**Problem to work on:** Your task is to output the listing word for word, with pictures excluded.

━━━━

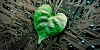 A green leaf on a circuit board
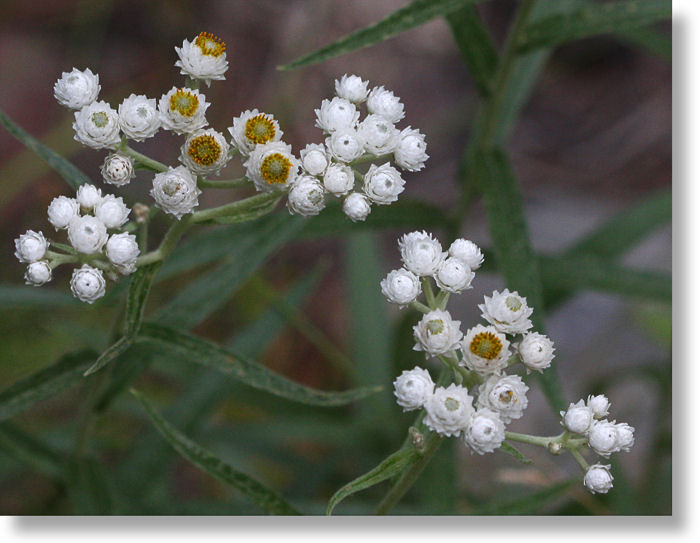 Pearly Everlasting blooms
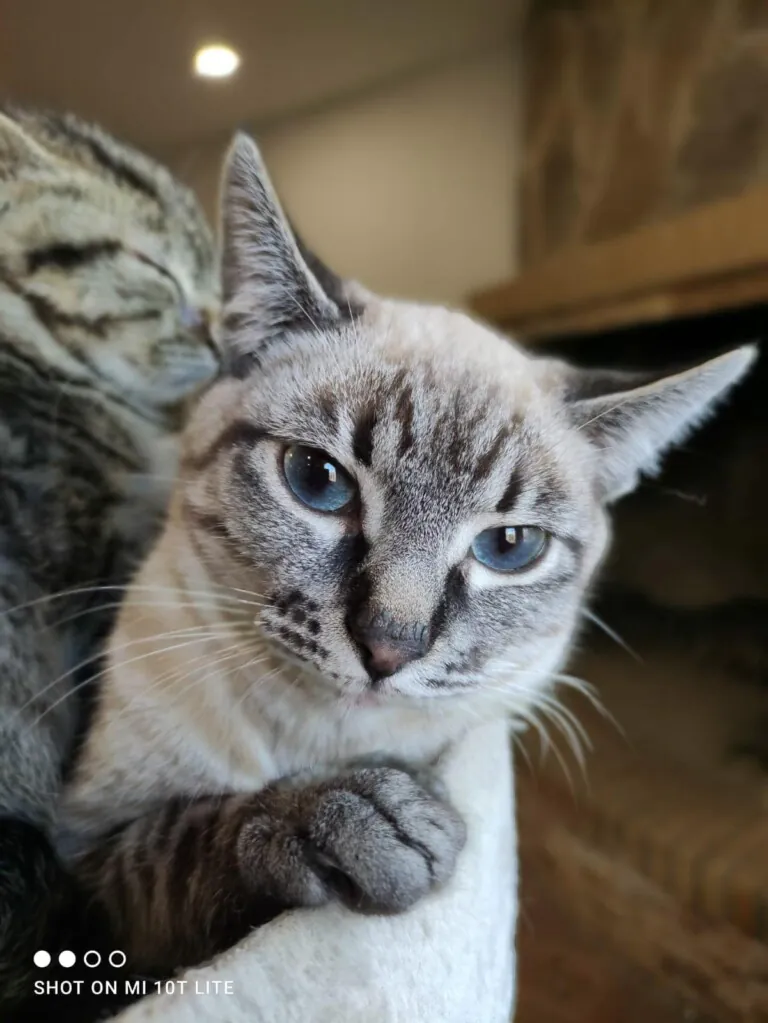 Adopta un Amigo Almeria6 768x1023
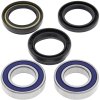 Wheel bearing and seal kit All Balls Racing WB25-1108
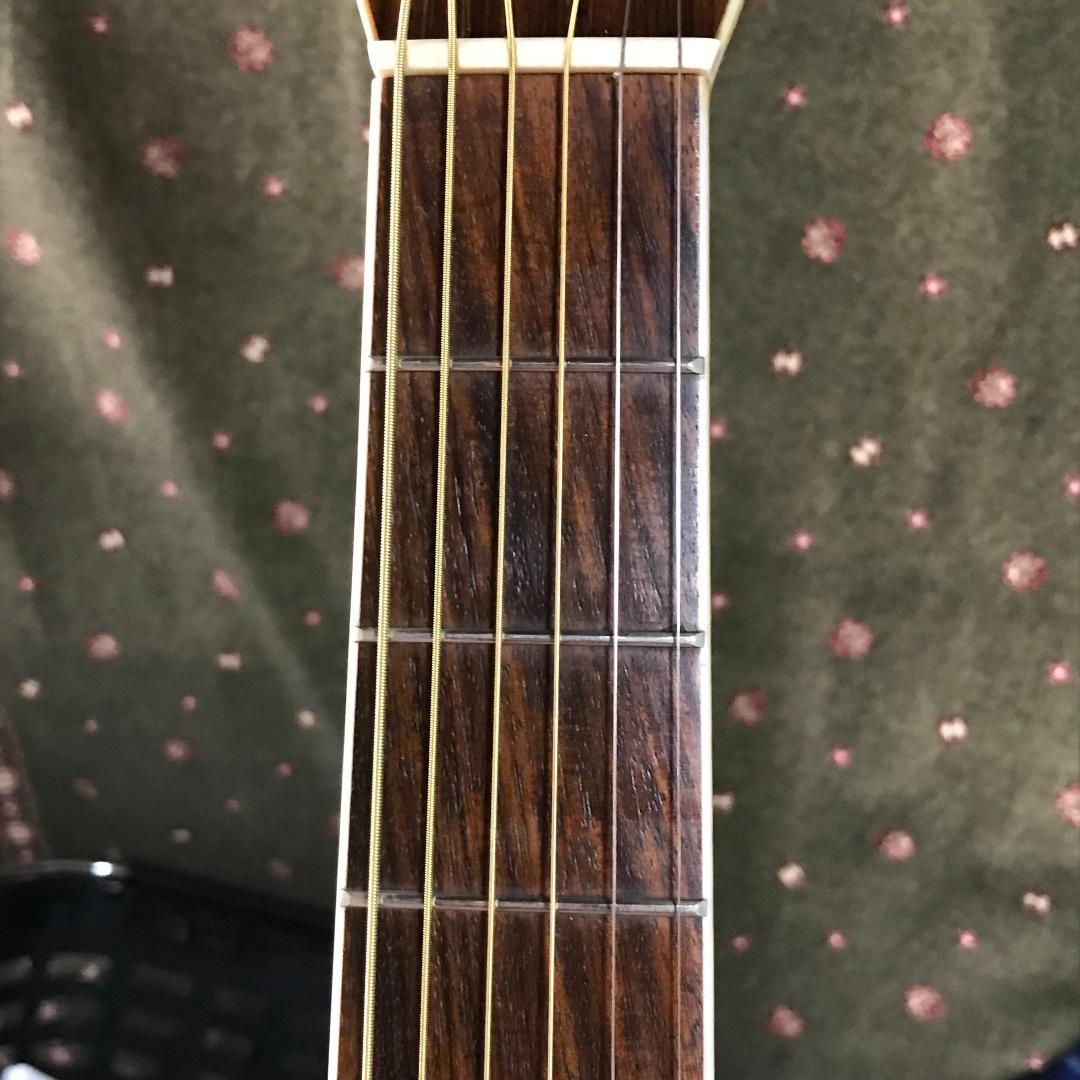 Morris W-30 モーリス【整備品】シール跡有り アコギ ハードケース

━━━━

**Answer to this task:**
 A green leaf on a circuit board
 Pearly Everlasting blooms
 Adopta un Amigo Almeria6 768x1023
 Wheel bearing and seal kit All Balls Racing WB25-1108
 Morris W-30 モーリス【整備品】シール跡有り アコギ ハードケース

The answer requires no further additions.